Markov Decision Process

A stationary discrete Markov Decision Process (MDP) is characterized by the tuple $(\mathcal{X},\mathcal{A},\mathbb{P},r,\gamma)$, where

$\mathcal{X}$ is the (finite countable) set of states;
$\mathcal{A}$ is the (finite countable) set of actions;
$P : \mathcal{X} \times \mathcal{A} \times \mathcal{X} \to [0,1]$ is the transition probability function, such that $P(x,a,x^+)$ is the probability of ending up in state $x^+ \in \mathcal{S}$ from state $x \in \mathcal{X}$ when taking action $a \in \mathcal{A}$;
$r : \mathcal{X} \times \mathcal{X} \to \mathbb{R}$ is the reward function, so that $r(x,x^+)$ returns the reward for

transitioning from state $x \in \mathcal{X}$ to state $x^+ \in \mathcal{X}$;

$\gamma \in \mathbb{R}_{> 0}$ is a discount factor [5].

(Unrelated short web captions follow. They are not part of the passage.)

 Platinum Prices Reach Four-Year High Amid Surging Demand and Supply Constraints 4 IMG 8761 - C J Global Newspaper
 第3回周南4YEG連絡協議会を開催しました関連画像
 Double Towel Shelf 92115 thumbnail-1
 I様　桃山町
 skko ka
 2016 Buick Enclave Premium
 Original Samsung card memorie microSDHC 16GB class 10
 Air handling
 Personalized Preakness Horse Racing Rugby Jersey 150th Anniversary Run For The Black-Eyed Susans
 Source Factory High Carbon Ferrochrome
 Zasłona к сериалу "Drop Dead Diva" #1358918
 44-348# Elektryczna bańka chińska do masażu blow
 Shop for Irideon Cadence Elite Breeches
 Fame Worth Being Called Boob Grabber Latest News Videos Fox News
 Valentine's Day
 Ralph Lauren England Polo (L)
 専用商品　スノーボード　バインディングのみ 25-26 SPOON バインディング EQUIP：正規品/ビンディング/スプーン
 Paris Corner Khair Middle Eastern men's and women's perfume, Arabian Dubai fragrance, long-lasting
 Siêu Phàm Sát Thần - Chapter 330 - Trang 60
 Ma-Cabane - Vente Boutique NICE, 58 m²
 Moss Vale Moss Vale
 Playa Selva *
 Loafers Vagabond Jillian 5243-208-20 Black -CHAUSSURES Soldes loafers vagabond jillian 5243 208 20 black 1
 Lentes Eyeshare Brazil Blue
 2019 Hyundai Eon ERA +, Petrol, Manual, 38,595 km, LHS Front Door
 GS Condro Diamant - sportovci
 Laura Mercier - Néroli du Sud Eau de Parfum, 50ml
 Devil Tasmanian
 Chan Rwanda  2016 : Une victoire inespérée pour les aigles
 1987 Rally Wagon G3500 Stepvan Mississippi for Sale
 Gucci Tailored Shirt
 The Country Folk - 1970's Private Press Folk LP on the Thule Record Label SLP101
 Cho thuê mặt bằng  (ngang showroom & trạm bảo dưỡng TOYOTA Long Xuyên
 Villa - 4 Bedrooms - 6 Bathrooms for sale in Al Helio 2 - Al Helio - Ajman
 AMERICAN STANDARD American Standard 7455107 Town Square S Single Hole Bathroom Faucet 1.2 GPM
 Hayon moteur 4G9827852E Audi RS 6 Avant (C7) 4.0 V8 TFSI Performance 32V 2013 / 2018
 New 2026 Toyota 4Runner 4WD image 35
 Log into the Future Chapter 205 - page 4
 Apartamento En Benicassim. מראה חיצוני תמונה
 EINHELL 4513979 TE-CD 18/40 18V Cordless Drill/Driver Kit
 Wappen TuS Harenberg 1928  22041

The aim is to find a policy, i.e., a function $\pi : \mathcal{S} \to \mathcal{A}$, returning the best action for any given state. A solution concept for MDP is the value function, $v^{\pi} : \mathcal{S} \to \mathbb{R}$, defined as

\[\begin{equation} v^{\pi}(x) = \overbrace{\sum_{x^+ \in \mathcal{X}} P(x,\pi(x),x^+) \left( r(x,x^+) + \gamma v(x^+) \right)}^{=:\mathsf{T}(v^{\pi})} \end{equation}\]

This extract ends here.